Ok, ok. I love London more than any city I've ever lived in or visited. And riding The Tube embodies, for me, the essence of being there. Yet Mark Mason, the author of WALK THE LINES, herein does something I'd never want or attempt to do on my best days even if I was decades younger ‒ walk between the stations on each of the Underground's lines (Victoria, Bakerloo, Central, Hammersmith and City, District, Northern, Circle, Piccadilly, Waterloo and City, Jubilee, and Metropolitan.) As a purist, he ignored the DLR (Docklands Light Railway), which, like London Overground, comes under the umbrella of London Rail rather than London Underground.

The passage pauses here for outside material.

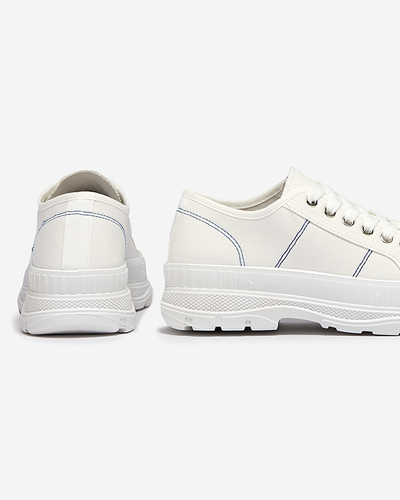 Pantofi sport de damă albi adidași Holpac- Footwear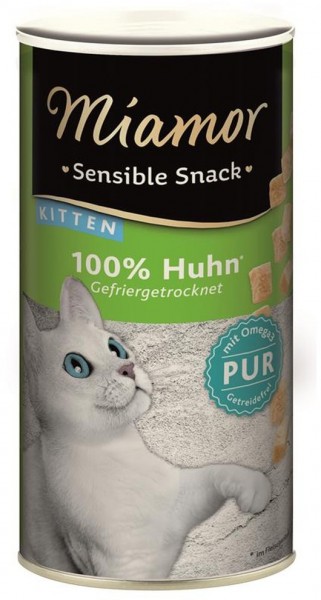 Miamor Sensible Snack Kitten Huhn Pur 30g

That's 269 stations visited ‒ some more than once, e.g. King's Cross with six visits on six lines and Holborn ("Ho-bun") twice on two lines ‒ and 403.2 miles walked in 174 hours and 50 minutes spread over the period June through December, 2010.

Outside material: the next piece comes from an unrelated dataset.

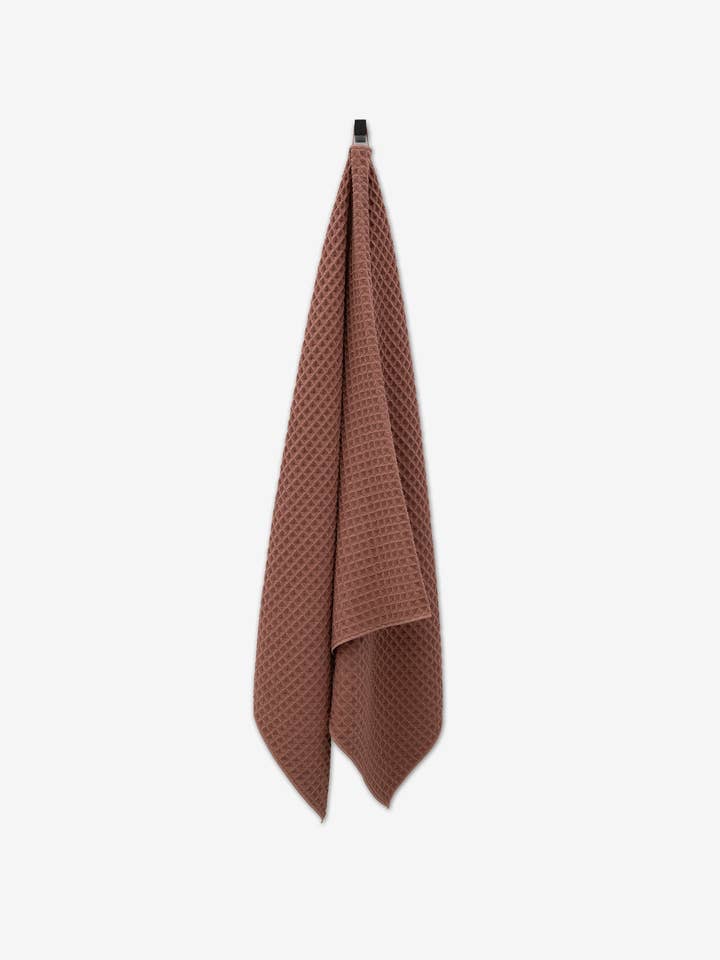 Dusty Rose Waffel-Badetuch für den Großhandel von Geometry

The armchair traveler might think that WALK THE LINES is chock-a-block filled with interesting information and trivia about places passed and sights seen along the way. Granted, many of the streets and roads Mark travels are necessarily dull. I mean, how much can you say about residential areas or various combinations of chemist, estate agent, Indian take-away, bank, Tesco or Sainsbury, pub, launderette, and post office? At times in the narrative, he positively sprints past station after station. But, still. When passing down Queen Victoria Street approaching Bank station, he remarks on the juxtaposition of buildings from widely separated eras but doesn't mention the foundation ruins of the Roman Temple of Mithras there on the right. And, when sauntering down Charing Cross Road between Charing Cross and Tottenham Court Road stations, he completely ignores Foyles, that most iconic of bookstores, over on the left. And he's a writer by profession! Sometimes the omissions are just too glaring to ignore.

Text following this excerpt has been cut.